Hardware is cheap. People are expensive. Besides that, procuring resources with ...

AnthonyMouse · on Dec 20, 2020

> Hardware is cheap. People are expensive.

Except that you still need the people, because most of the labor isn't putting the hardware in the rack, it's managing the software which you have to do regardless of where the hardware is.

> Besides that, procuring resources with your cloud provider is simply a matter of writing a yaml file.

That is no different than it is locally.

> Not to mention the lack of an upfront investments and only paying for your resources you need instead of having hardware that you are spending money on because you have to have enough hardware to handle peak load.

But hardware is cheap, remember? And most companies don't actually have large load variations.

> But can you run a data center in multiple regions?

Obviously yes. Any company of non-trivial size would have multiple sites and could locate a host at more than one. This doesn't even necessarily raise the price, because you already need enough machines to provide redundancy, so locating them at different sites doesn't even require additional hardware, only locating some of the existing hardware at other sites.

This is also mostly overrated for companies smaller than that, because cloud providers have had company-wide outages at a frequency not all that much higher than site-wide outages for sites that have a reasonable level of redundancy.

> Besides that any cloud provider offers more than just a bunch of VMs. AWS alone has 260 services with an entire team of people keeping them patched and optimized.

This is only relevant if you're using 260 different services and not just a bunch of VMs, and plenty of companies are using just a bunch of VMs.

mlthoughts2018 · on Dec 20, 2020

As a manager of a team of application product developers I can tell you, the headcount cost of ops teams & the time cost of taking people whose job shouldn’t involve vm provisioning overhead but nonetheless does are both huge compared to cloud services.
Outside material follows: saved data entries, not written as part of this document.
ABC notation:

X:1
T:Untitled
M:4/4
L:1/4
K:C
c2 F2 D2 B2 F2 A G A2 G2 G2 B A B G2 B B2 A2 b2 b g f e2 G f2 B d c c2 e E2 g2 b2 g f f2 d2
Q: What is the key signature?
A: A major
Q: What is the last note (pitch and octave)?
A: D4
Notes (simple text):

In cloud tooling, my team of people all with zero experience doing vm provisioning can get production systems up, add logging, add alerting, add networking, etc., all very easily or with just low touch overhead from teams that manage best practices or compliance. Creating the same internal developer tool experience with data centers is SO expensive and requires a major headcount investment.

AnthonyMouse · on Dec 20, 2020

It's always shocking to see how inefficiently some companies are operated.
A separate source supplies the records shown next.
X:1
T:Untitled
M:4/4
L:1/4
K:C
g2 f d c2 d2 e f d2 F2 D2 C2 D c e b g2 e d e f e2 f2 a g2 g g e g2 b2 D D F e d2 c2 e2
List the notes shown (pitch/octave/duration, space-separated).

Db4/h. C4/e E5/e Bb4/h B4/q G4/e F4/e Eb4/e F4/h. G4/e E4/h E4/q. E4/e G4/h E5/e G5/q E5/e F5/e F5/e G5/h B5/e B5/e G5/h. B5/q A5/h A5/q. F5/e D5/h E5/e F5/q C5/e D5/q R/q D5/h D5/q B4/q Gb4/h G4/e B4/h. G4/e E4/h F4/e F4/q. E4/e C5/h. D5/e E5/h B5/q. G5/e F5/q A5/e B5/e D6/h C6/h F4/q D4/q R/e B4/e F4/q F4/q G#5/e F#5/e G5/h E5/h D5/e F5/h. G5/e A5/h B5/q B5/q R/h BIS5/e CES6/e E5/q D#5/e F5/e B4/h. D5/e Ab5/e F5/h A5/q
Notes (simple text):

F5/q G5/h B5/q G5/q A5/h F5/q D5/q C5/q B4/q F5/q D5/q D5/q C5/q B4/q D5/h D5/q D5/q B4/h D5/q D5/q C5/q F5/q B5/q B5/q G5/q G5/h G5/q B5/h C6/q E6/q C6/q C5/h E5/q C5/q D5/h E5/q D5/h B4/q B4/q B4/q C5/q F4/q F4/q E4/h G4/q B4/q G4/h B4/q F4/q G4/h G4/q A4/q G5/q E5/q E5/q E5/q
The things you're describing should take a single individual a matter of seconds for a system which is already in operation, and a one-time cost of a few hours to set up at the outset (i.e. once or twice a decade). If it takes significantly longer to do locally than it takes to input into the cloud provider's interface, something's not right.
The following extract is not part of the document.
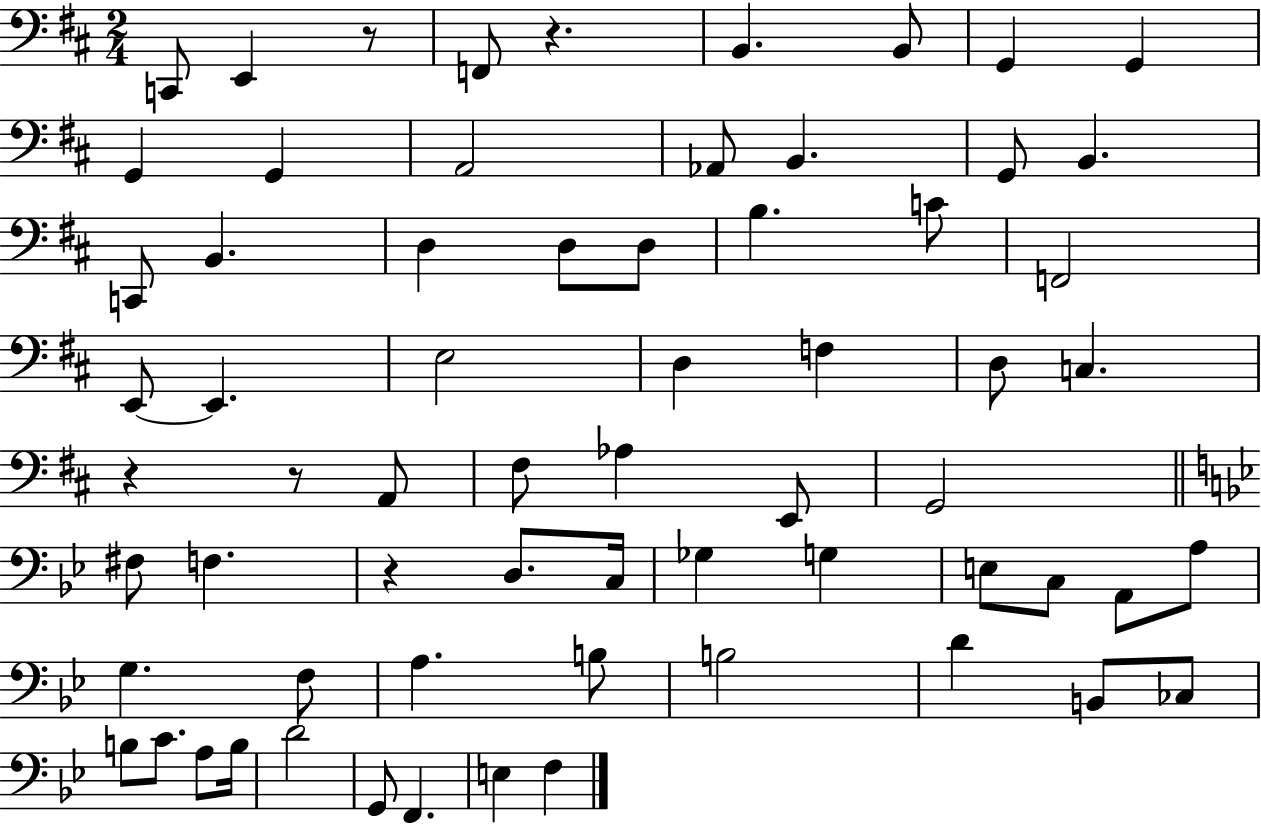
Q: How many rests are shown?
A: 5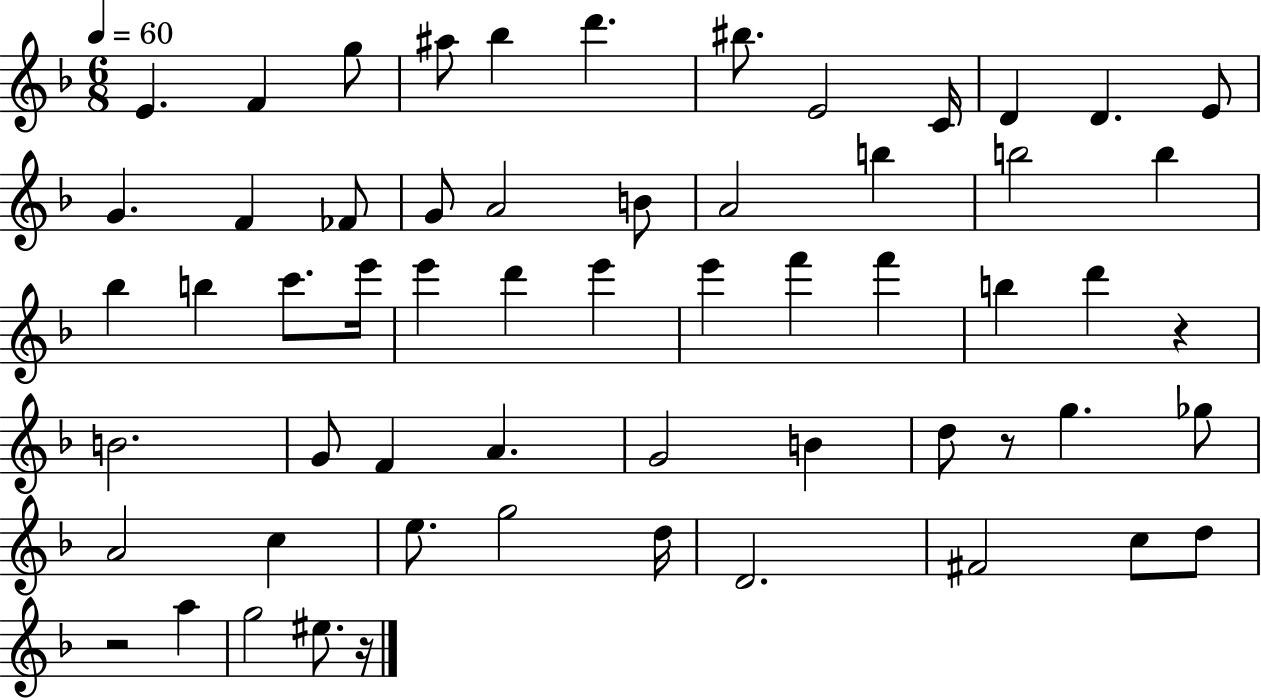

I can tell you where most companies go wrong here though. It's in excessive specialization. If you put separate people in charge of provisioning, networking, logging, etc. then you create a ton of friction to do anything because you need five different humans to touch it and they all have to coordinate. One person can do all of those things, as you've learned when one person does it interacting with the cloud providers. And when one person is doing all of it, it takes only seconds to do.

scarface74 · on Dec 20, 2020

I listed all of the services we used across five environments and most across three availability zones. So one person was going to manage what on prem would be roughly 200 VMs/services and make sure they stay patched, the OS stays updated? Locally, a lot of those services would run in a cluster for availability.

There is no company on earth that has one person managing an on prem implementation of that level of complexity.

One person does it in a cloud environment because they aren’t managing hardware, patching, etc.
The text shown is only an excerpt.